Young wasn't among the dozens of former teammates, friends, relatives and sponsors set to join Montana for his nationally televised farewell to fans outdoors in a downtown plaza. Former 49ers coach Bill Walsh was named master of ceremonies, and Ronnie Lott, Dwight Clark and Roger Craig were invited, along with executives of the 49ers and Kansas City Chiefs.

Young wasn't invited, but he hardly felt snubbed.

"I've had nothing but respect for Joe for years," Young said. "Our relationship was kind of like an older brother, younger brother thing. In the backyard, we'd be competing hard, bloodying our noses, fighting for dominance. Look, let's face it, we both wanted the same job. We both wanted to play. We're competitors. But when the games came, we were always pulling for each other and working with each other. In all the years we were teammates, we never had an argument or even a cross word between us."

Four NFL championships, three Super Bowl MVPs and an armful of records might be enough to qualify Montana as the best quarterback ever. For Young, Montana's legacy is broader.

"He taught me more than the nuts and bolts of football," Young said. "He taught me that you can go beyond your perceived capabilities and limits. You can go beyond what you or others think you can do.

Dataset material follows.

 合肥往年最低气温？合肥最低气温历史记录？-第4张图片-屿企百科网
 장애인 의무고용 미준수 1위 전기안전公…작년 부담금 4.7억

You can push yourself to another level."

Montana's comebacks from injuries - his medical chart is heavier than his football gear - and his escapes from seemingly lost situations gave him a larger-than-life image. In person, he has always been quiet and self-effacing, a rather average Joe in size and weight, strength and speed. He found words and emotions difficult to express. On Monday night, at dinner with his wife, agent and several aides to work out final details of the ceremony, Montana was nervous and typically quiet.

But when it came time to perform on the field, to win the big game with the big play, there was nobody cooler, nobody in greater command of himself and his teammates.

Montana had a way of scanning the field for receivers that was unmatched, his head turning from sideline to sideline, clicking off his primary target, his secondary target, his third or fourth targets, and throwing with uncanny accuracy to the one who was open.